TASK TO COMPLETE:
In the records below, the line containing "Crown of thorns" is the first to keep. Retype it and all later lines exactly, through the end.

SUPPLIED MATERIAL:
┄┄┄┄┄┄

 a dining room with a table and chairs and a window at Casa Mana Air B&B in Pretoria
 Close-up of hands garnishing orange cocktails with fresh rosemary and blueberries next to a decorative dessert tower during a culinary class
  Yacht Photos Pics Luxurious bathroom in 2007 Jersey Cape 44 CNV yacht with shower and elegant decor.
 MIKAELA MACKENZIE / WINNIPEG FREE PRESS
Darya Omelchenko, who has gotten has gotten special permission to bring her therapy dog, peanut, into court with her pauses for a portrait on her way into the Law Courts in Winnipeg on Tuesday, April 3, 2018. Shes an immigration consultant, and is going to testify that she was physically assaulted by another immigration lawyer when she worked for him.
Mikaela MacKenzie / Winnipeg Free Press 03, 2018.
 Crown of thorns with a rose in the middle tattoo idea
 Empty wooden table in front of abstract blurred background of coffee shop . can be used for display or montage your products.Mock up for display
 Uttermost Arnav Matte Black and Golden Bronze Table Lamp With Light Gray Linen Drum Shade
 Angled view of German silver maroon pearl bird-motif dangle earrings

┄┄┄┄┄┄

SOLUTION:
 Crown of thorns with a rose in the middle tattoo idea
 Empty wooden table in front of abstract blurred background of coffee shop . can be used for display or montage your products.Mock up for display
 Uttermost Arnav Matte Black and Golden Bronze Table Lamp With Light Gray Linen Drum Shade
 Angled view of German silver maroon pearl bird-motif dangle earrings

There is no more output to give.